_Task to carry out:_
Reproduce every line below exactly as written; do not include the images.

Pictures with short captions
*** Block opens ***
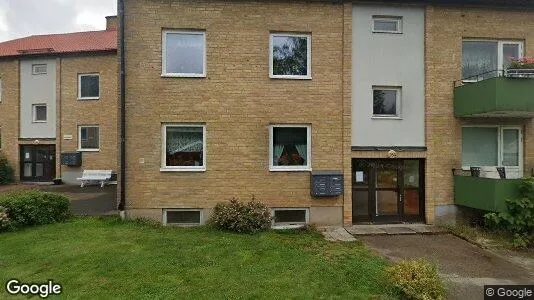 Lägenheter att hyra i Markaryd - Bild från Google Street View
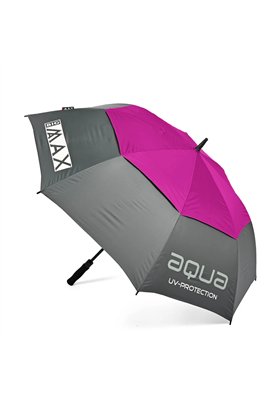 Parasol BIG MAX AQUA UV • Różowo szary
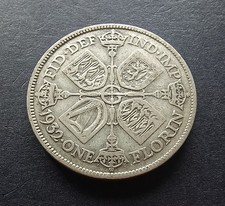 1932 Florin Two Shillings -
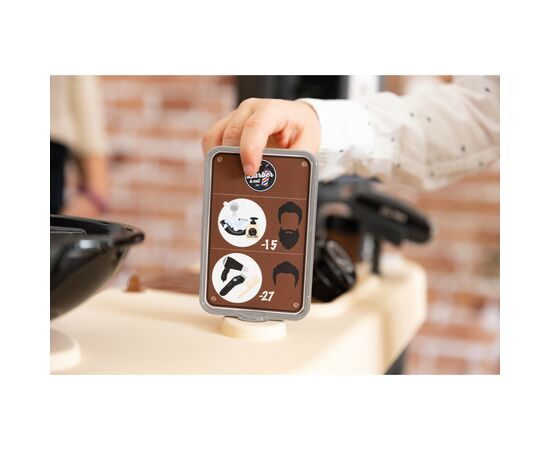 Игровой набор Smoby Toys Барбер Шоп с зеркалом и набором парикмахера (320243), изображение 11 Игровой набор Smoby Toys Барбер Шоп с зеркалом и набором парикмахера (320243), изображение 11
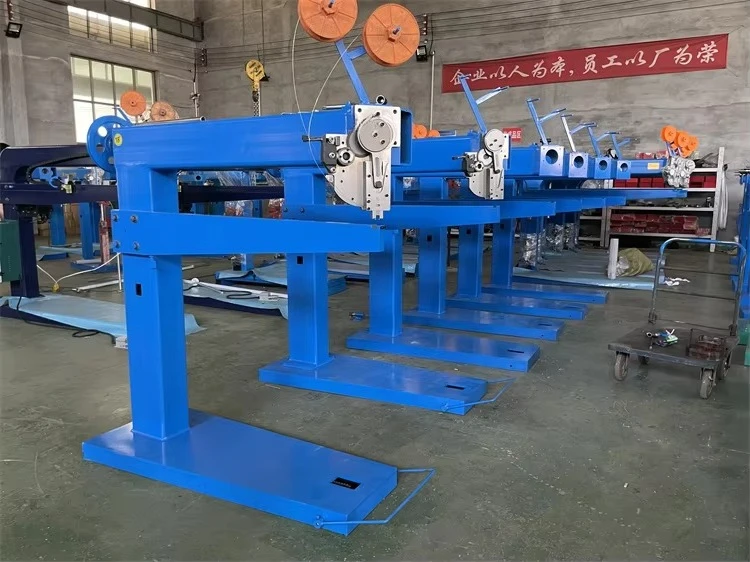 دباسة كرتونية يدوية 1200 دباسة لوح مموج #2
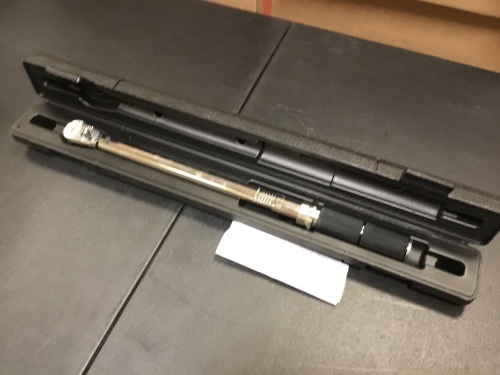 GearWrench Torque Wrench - Appears New  - Lot 661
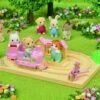 Sylvanian Families Sylvanian Families - Baby Choo Choo Trein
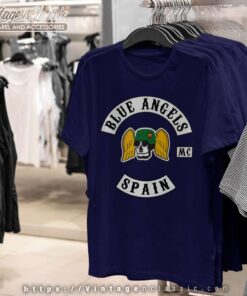Blue Angels Mc Spain T Shirt Shop
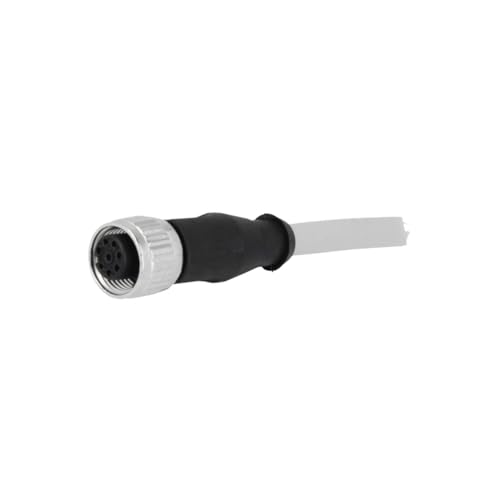 Connecteur mâle M12 8 broches femelle codage A DeviceNet CANopen câble 2m HARTI pour réseau industriel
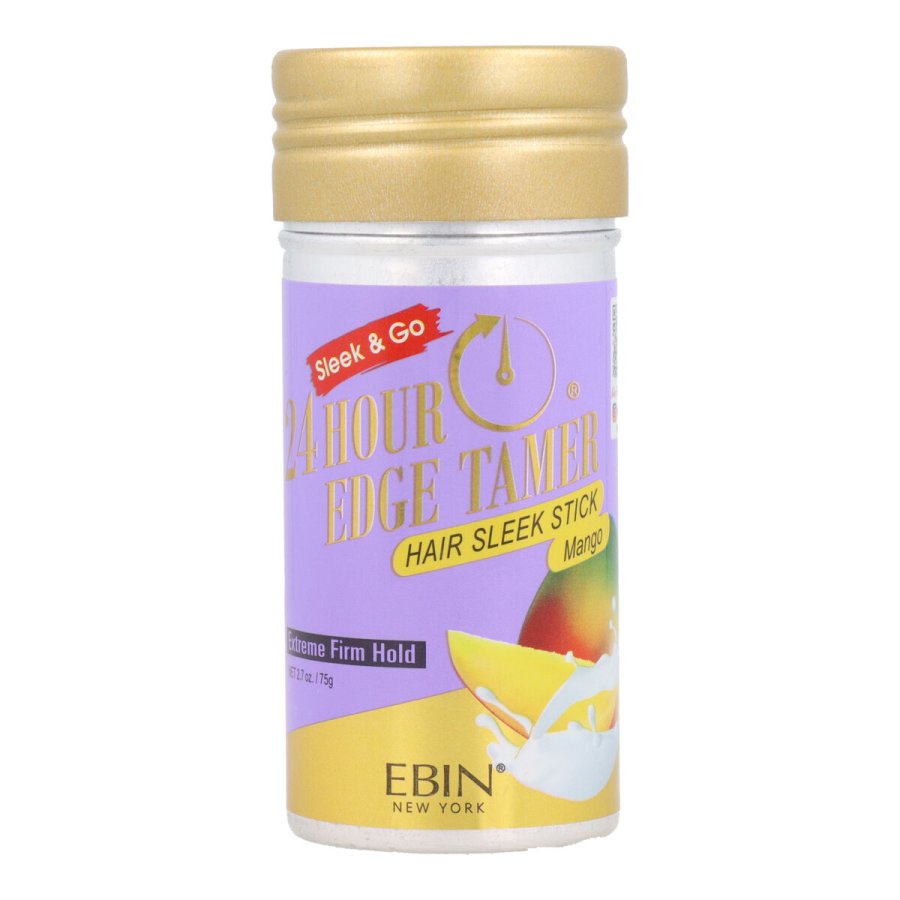Voks med strk fiksering Ebin New York Edge Sleek Mango 75 g #1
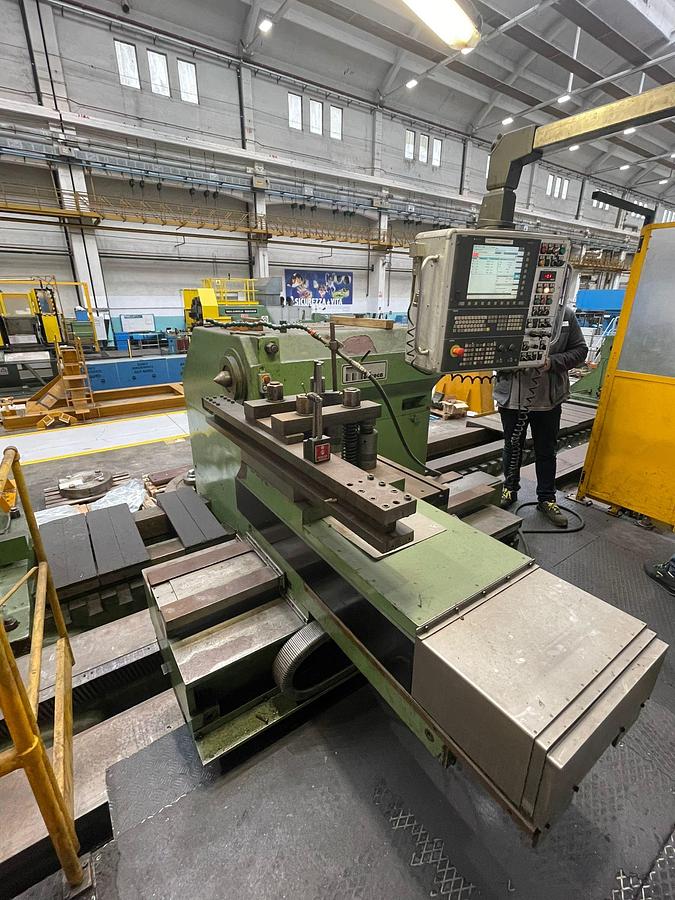 Usato TORNIO PARALLELO A QUATTRO GUIDE INNSE  TP 150 x 10000 CNC
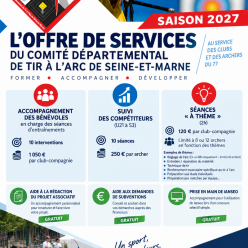 Offre de Services aux Archers et Clubs 77 - 2027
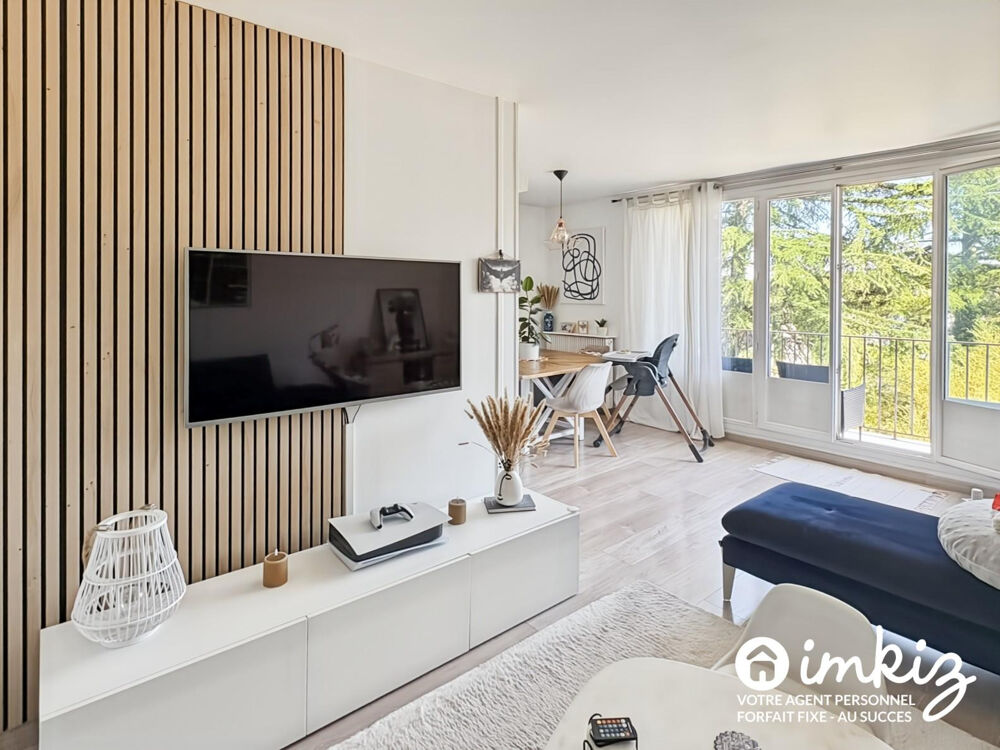 Vente Appartement T4 rénové de 86 m² – Dernier étage – Balcon Le mesnil-saint-denis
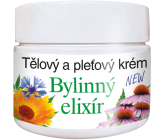 Bione Cosmetics Bylinny eliksir krem do ciała i twarzy 260 ml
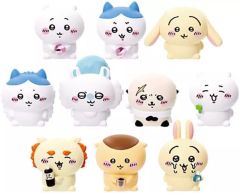 [중고]키링 전 10종 세트 [치이카와 소프비퍼펫 마스코트 2]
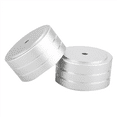 thumbnail image 6 of 8Pcs 40X20mm Aluminum HIFI AMP Speaker Isolation Stand Turntable Feet Pad (Silver), 6 of 7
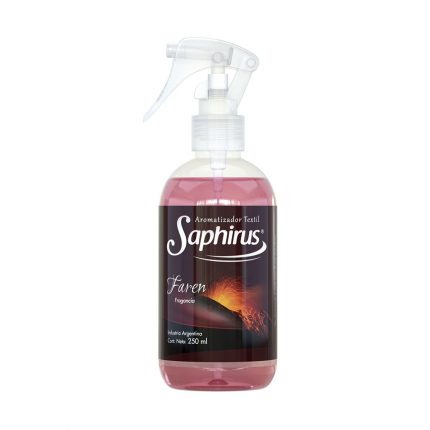 Aromatizante Textil SAPHIRUS FAREN 250 ml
*** Block closes ***
_Exercise answer:_
 Lägenheter att hyra i Markaryd - Bild från Google Street View
 Parasol BIG MAX AQUA UV • Różowo szary
 1932 Florin Two Shillings -
 Игровой набор Smoby Toys Барбер Шоп с зеркалом и набором парикмахера (320243), изображение 11 Игровой набор Smoby Toys Барбер Шоп с зеркалом и набором парикмахера (320243), изображение 11
 دباسة كرتونية يدوية 1200 دباسة لوح مموج #2
 GearWrench Torque Wrench - Appears New  - Lot 661
 Sylvanian Families Sylvanian Families - Baby Choo Choo Trein
Blue Angels Mc Spain T Shirt Shop
 Connecteur mâle M12 8 broches femelle codage A DeviceNet CANopen câble 2m HARTI pour réseau industriel
Voks med strk fiksering Ebin New York Edge Sleek Mango 75 g #1
 Usato TORNIO PARALLELO A QUATTRO GUIDE INNSE  TP 150 x 10000 CNC
 Offre de Services aux Archers et Clubs 77 - 2027
 Vente Appartement T4 rénové de 86 m² – Dernier étage – Balcon Le mesnil-saint-denis
 Bione Cosmetics Bylinny eliksir krem do ciała i twarzy 260 ml
 [중고]키링 전 10종 세트 [치이카와 소프비퍼펫 마스코트 2]
 thumbnail image 6 of 8Pcs 40X20mm Aluminum HIFI AMP Speaker Isolation Stand Turntable Feet Pad (Silver), 6 of 7
 Aromatizante Textil SAPHIRUS FAREN 250 ml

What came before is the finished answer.